Saudi Company for Hardware SACO
- Trade name: SACO
- ISIN: SA13Q051UK14
- Industry: Retail
- Founded: November 19, 1984; 41 years ago
- Founder: Al Hamidi Family, Abdulrahman Sharbatly, Abrar
- Headquarters: Riyadh, Saudi Arabia
- Number of locations: 34 (as of August 2020)
- Key people: Abdulrahman Jawa (Chairman of the Board); Sameer Mohammed Abdulaziz Al Hamidi (Managing Director); Abdel-Salam Bdeir (CEO); Amer Omar (CFO);
- Revenue: 1,457,000,000 Saudi riyal (2019)
- Net income: ▼61,637 SAR (2019)
- Total assets: ▲1,763,385 SAR (2019)
- Number of employees: 2,435

= SACO Hardware =

Saudi Arabian hardware retailing and wholesaling business

SACO (Saudi Company for Hardware) is a provider of home improvement products in Saudi Arabia. Founded in 1984, SACO started out with one store in Riyadh. Over the next two decades, the company expanded its reach across the country and, to date, operates 34 stores in 18 cities, including five stores (known as SACO World), each occupying between 2,350 and 24,500 square meters.

==History==
SACO was established in Riyadh in 1984 by a small group of entrepreneurs. Two decades later, in May 2004, the company set out to open SACO World in Riyadh, the largest, first-of-its-kind store in the Middle East. In June 2010, the company built its second SACO World in the Red Sea port city of Jeddah, and a year after that opened its largest superstore yet in the eastern province of Dhahran.

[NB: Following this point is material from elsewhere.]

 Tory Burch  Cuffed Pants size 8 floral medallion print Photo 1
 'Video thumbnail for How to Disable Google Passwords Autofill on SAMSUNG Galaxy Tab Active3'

In 2015, it became a publicly listed company. In 2018, SACO opened its 31st store and, today, it has 34 stores across the country, with plans in the works to build more stores in the coming years.

SACO acquired Medscan Terminal, a Saudi-based logistics service provider, in 2016. Amongst its latest endeavours are the launch of its new website and an e-commerce app.

==Products and services==
- SACO carries a wide range of products that fall under seven departments: Tools and Hardware, Outdoor and Garden, Home Essentials, Home Improvement, Automotive, Electronics, and Sports, Fitness, and Toys.

- SACO also offers three main areas of services: Delivery and Assembly, Installation, and Item Warranty and Maintenance.